In [48]:
import glob
from bs4 import BeautifulSoup
import requests
from tqdm import tqdm

In [49]:
from xml.dom import minidom
import re
def prettify(rough_string):
    reparsed = minidom.parseString(rough_string)
    pretty = re.sub(r"[\t ]+\n", "", reparsed.toprettyxml(indent="\t"))  # インデント後の不要な改行を削除
    pretty = pretty.replace(">\n\n\t<", ">\n\t<")  # 不要な空行を削除
    pretty = re.sub(r"\n\s*\n", "\n", pretty)  # 連続した改行（空白行を含む）を単一の改行に置換
    return pretty

In [51]:
def fix_pb(soup):
    pbs = soup.find_all("pb")

    for pb in pbs:
        zone_id = pb.get("facs").split("#")[1]

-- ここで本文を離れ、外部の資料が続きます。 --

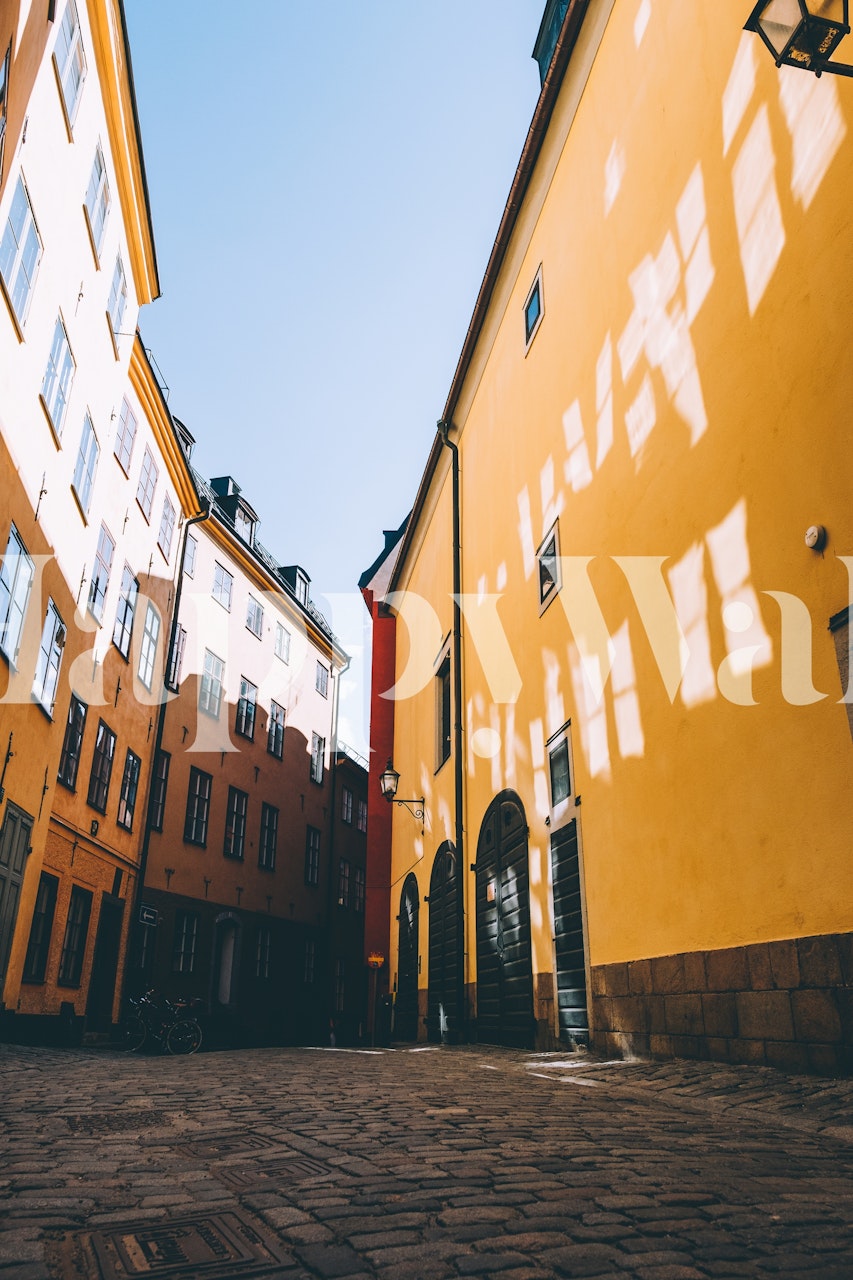 Vibrant yellow urban street with reflected light wallpaper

        zone = soup.find("zone", {"xml:id": zone_id})

        url = zone.parent.find("graphic").get("url")

        x = zone.get("ulx")
        y = zone.get("uly")

        w = int(zone.get("lrx")) - int(x)
        h = int(zone.get("lry")) - int(y)

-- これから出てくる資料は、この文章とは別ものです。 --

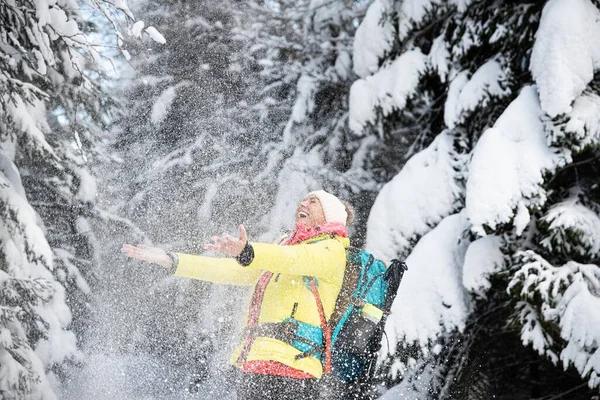 一个美丽的微笑的游客在下着雪。美丽的冬季风景. — 图库照片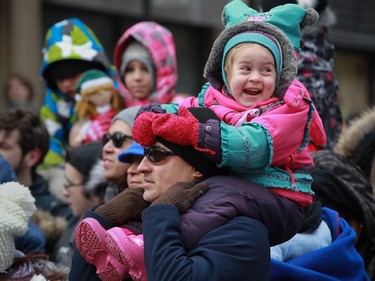 Three-year-old Eva Gomez, with her father Manuel, was excited to be at the 64th edition of the downtown Santa Claus parade in on Ste- Catherine St. in Montreal Saturday, November 22, 2014.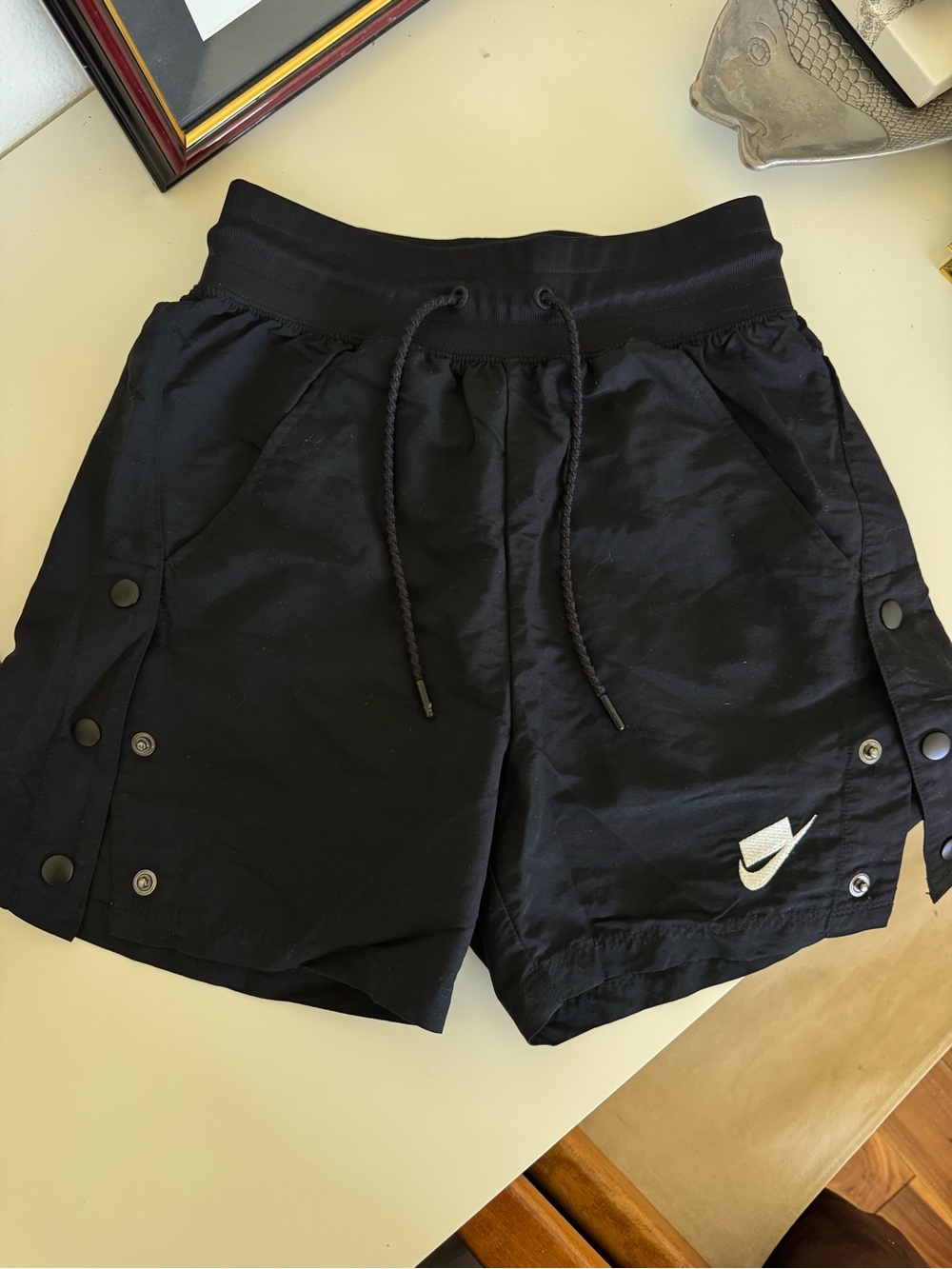 Vintage Nike Black Athletic Snap-Trim Shorts with White Swoosh XS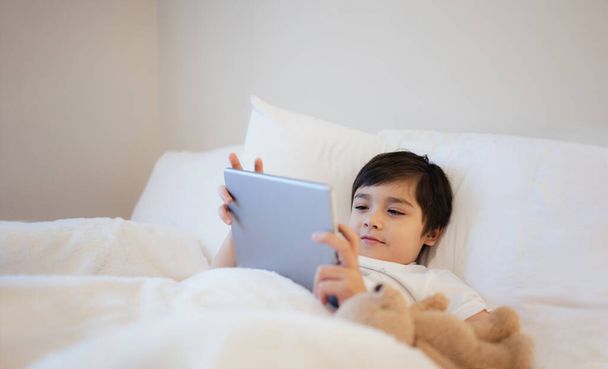 Счастливый малыш, лежащий в кровати, держа в руках стол, смотрящий мультики и болтающий с друзьями на цифровом планшете, Симпатичный мальчик, играющий в игры онлайн в Интернете, Ребенок, расслабляющийся утром перед тем, как пойти в школу - Фото, изображение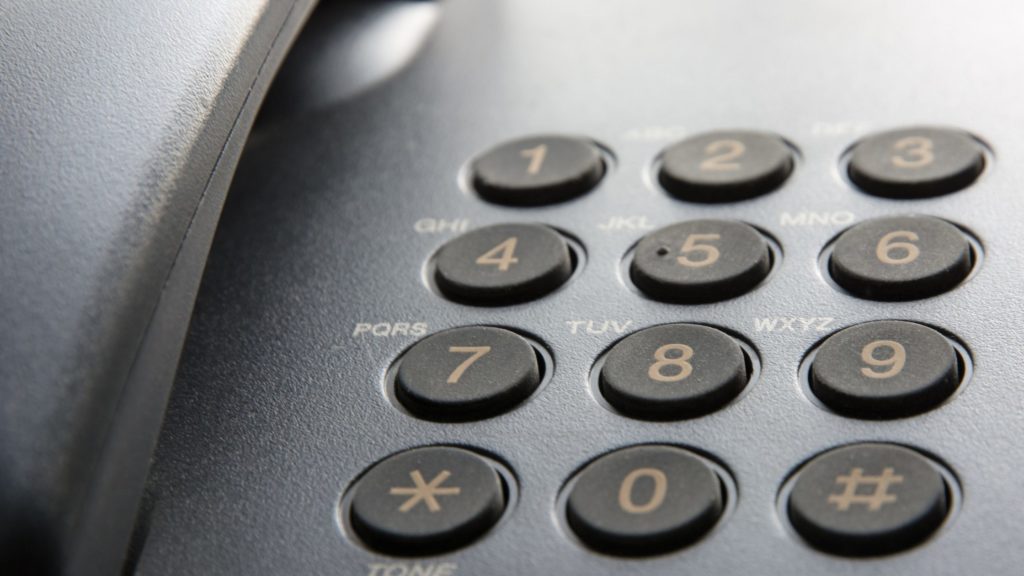 A close up of the numbers on a traditional office phone.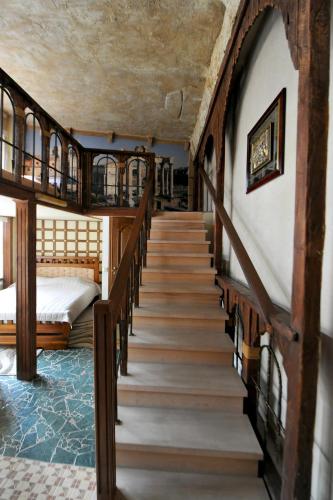 a staircase leading up to a bedroom with a bed and a bed sqor at Fontan in Chornomorsk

        url_part = url.replace("/full/full/", f"/{x},{y},{w},{h}/full/")

        pb["facs"] = url_part

        pb["corresp"] = f"#{zone_id}"

def fix_facs(soup):
    surfaceGrp = soup.find("surfaceGrp")

    facsimile = soup.find("facsimile")

    facsimile["sameAs"] = surfaceGrp["facs"]

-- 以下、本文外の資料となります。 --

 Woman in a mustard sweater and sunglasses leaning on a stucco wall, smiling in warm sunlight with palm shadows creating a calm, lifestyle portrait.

    for surface, idx in zip(surfaceGrp.find_all("surface"), range(len(surfaceGrp.find_all("surface")))):
        surface_new = soup.new_tag("surface")

        graphic = surface.find("graphic")

        info_url = graphic["url"].split("/full/full/")[0] + "/info.json"

        info = requests.get(info_url).json()

        surface_new["xml:id"] = f"f{str(idx+1).zfill(3)}"

        surface_new["ulx"] = str(0)
        surface_new["uly"] = str(0)

        surface_new["lrx"] = str(info["width"])
        surface_new["lry"] = str(info["height"])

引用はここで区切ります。